Provided records ▸
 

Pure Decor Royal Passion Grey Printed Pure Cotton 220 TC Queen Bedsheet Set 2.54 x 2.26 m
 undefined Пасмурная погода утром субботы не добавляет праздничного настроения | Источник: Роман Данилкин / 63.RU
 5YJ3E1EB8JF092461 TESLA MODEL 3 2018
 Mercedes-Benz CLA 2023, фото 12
* * *
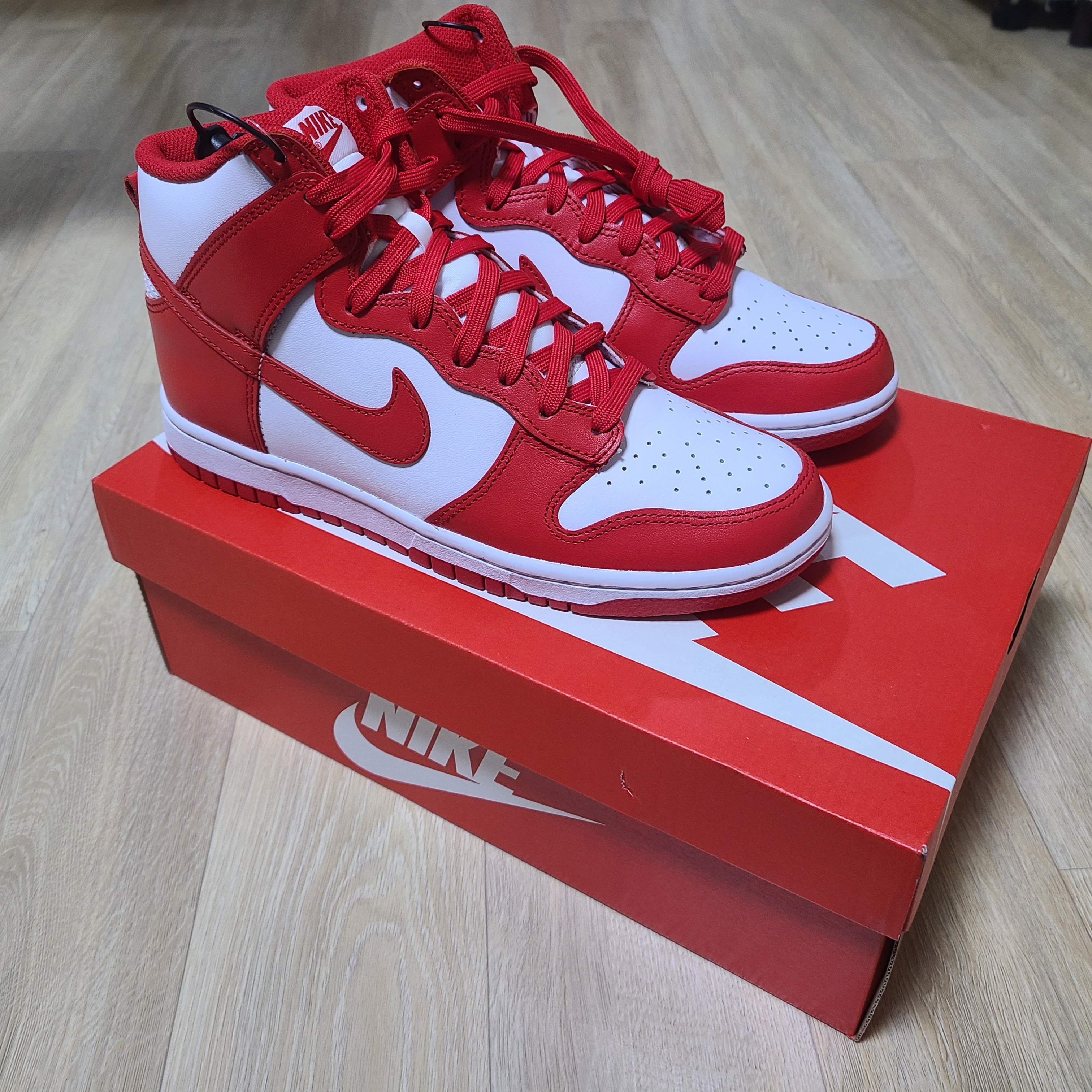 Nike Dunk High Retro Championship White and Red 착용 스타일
* * *
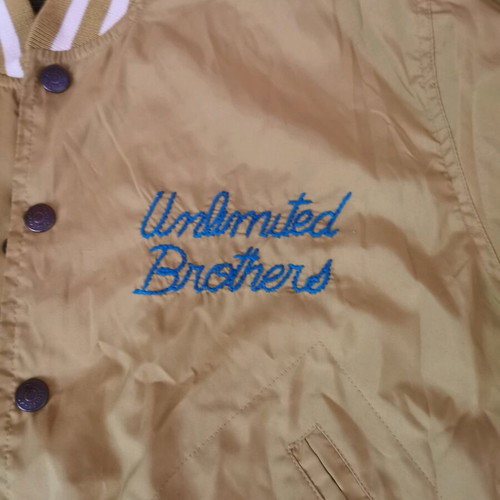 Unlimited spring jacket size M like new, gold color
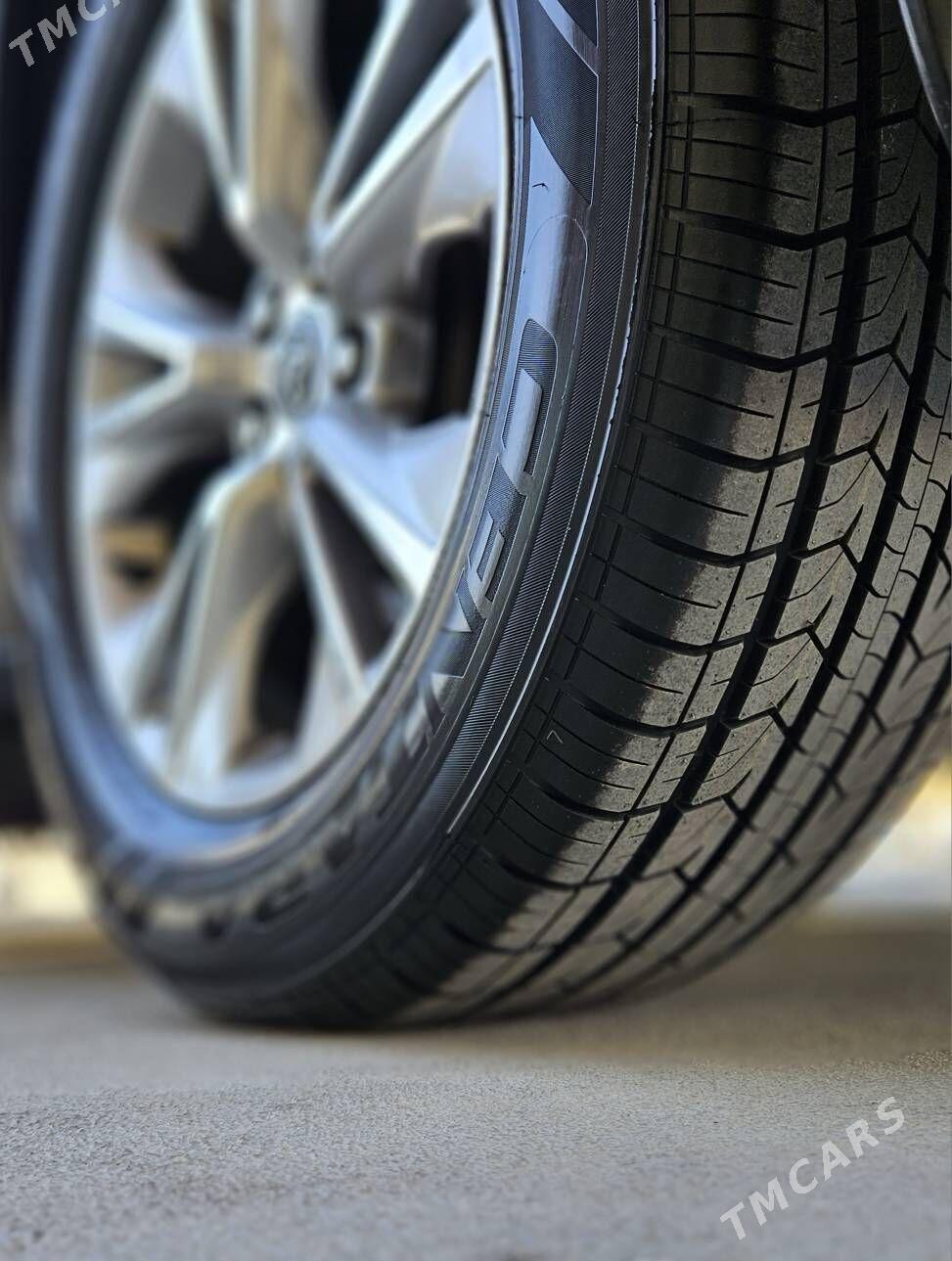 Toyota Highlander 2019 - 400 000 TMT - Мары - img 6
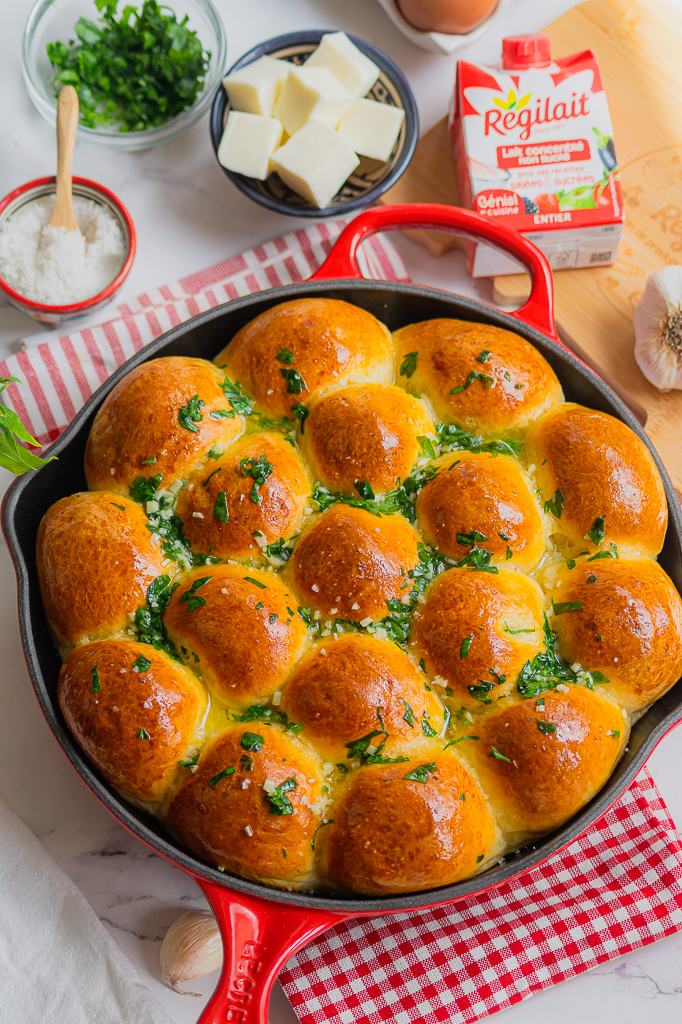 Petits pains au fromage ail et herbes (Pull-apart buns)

Try it ▸ Please return only the lines above, starting at the line that has "Pure Decor Royal" and ending at the line that has "Mercedes-Benz CLA 2023, фото 12", keeping both and leaving each one unchanged.

Response area ▸
Pure Decor Royal Passion Grey Printed Pure Cotton 220 TC Queen Bedsheet Set 2.54 x 2.26 m
 undefined Пасмурная погода утром субботы не добавляет праздничного настроения | Источник: Роман Данилкин / 63.RU
 5YJ3E1EB8JF092461 TESLA MODEL 3 2018
 Mercedes-Benz CLA 2023, фото 12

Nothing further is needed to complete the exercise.